BEGIN
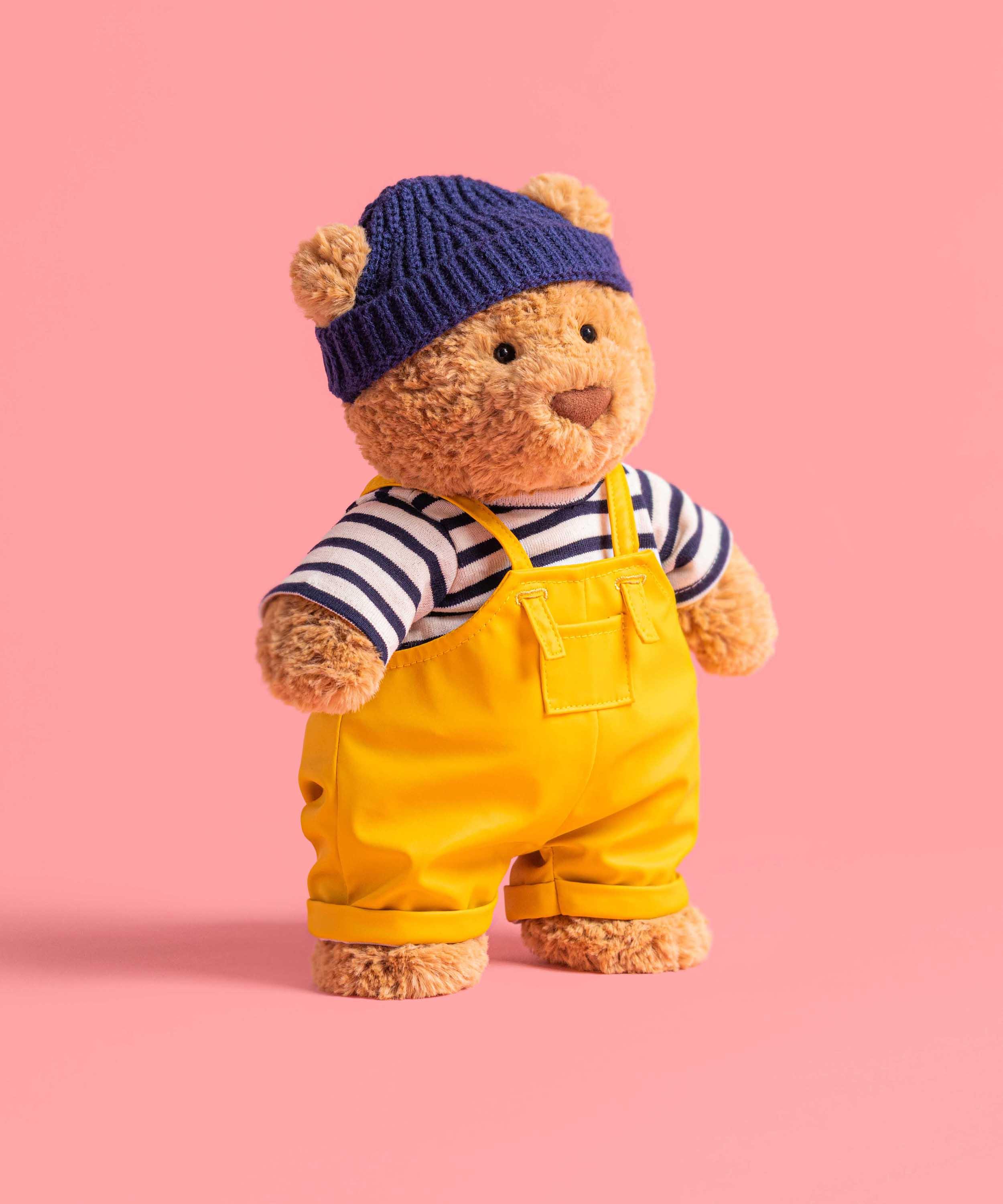 Jellycat - Bartholomew Bear Seafarer Outfit Soft Toy image number 4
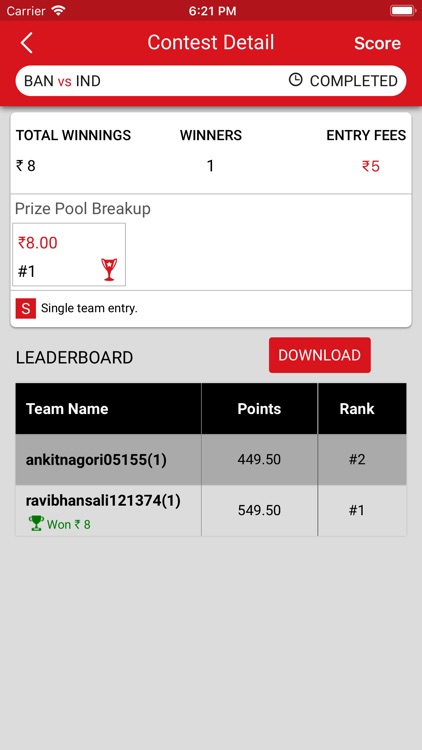 United Fantasy Club screenshot-4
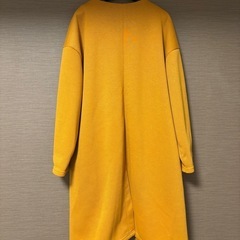 アズール　ダブルフェイストッパーカーディガンの画像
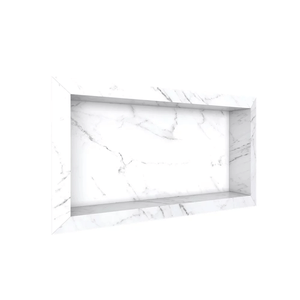 Nicho Diamante 60x30cm Branco Cozimax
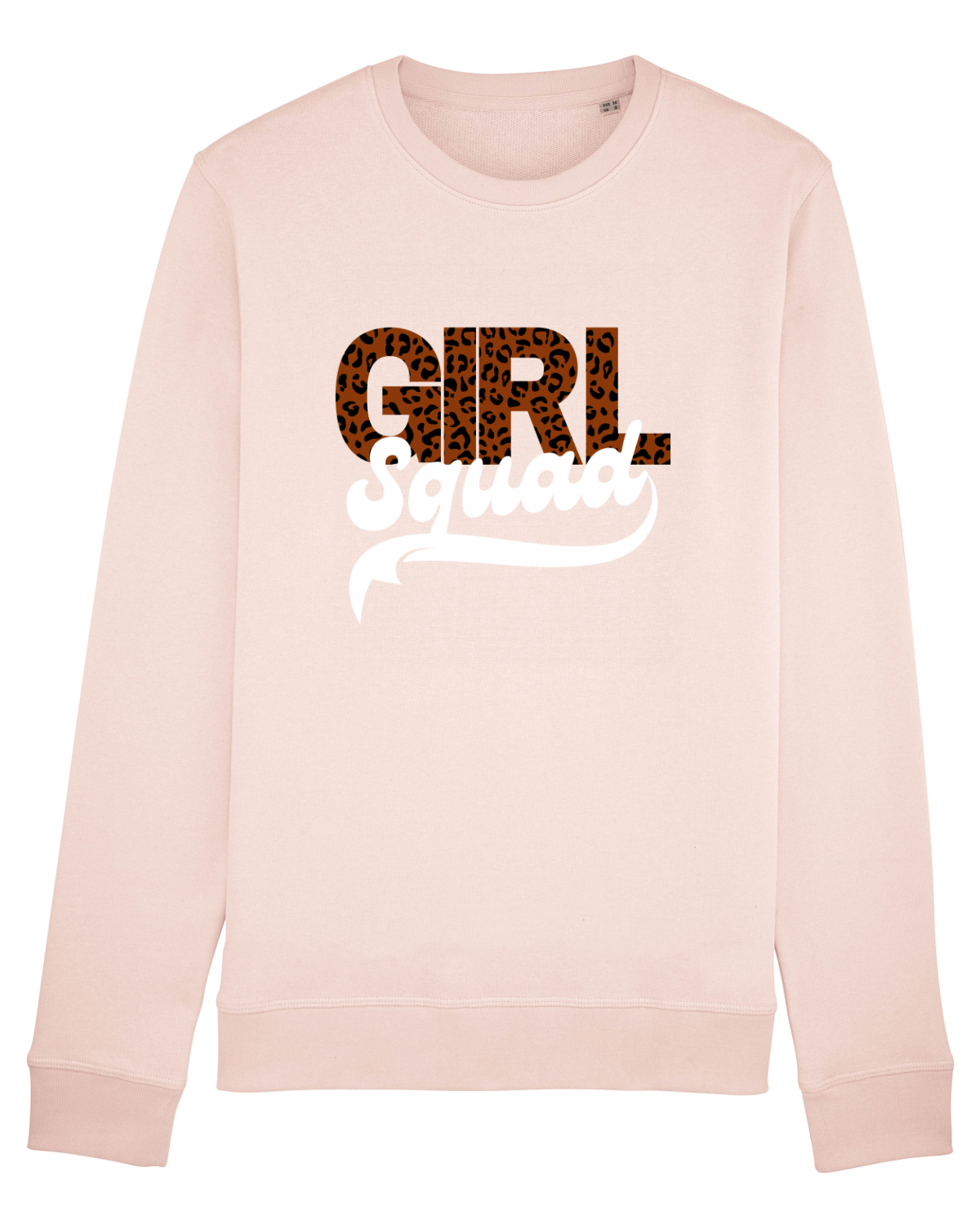 Bluză mânecă lungă Unisex Rise Candy Pink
END
__What you have to do__
Please give the entries above again exactly as written, leaving out any pictures.

__Response__
 Jellycat - Bartholomew Bear Seafarer Outfit Soft Toy image number 4
 United Fantasy Club screenshot-4
 アズール　ダブルフェイストッパーカーディガンの画像
 Nicho Diamante 60x30cm Branco Cozimax
 Bluză mânecă lungă Unisex Rise Candy Pink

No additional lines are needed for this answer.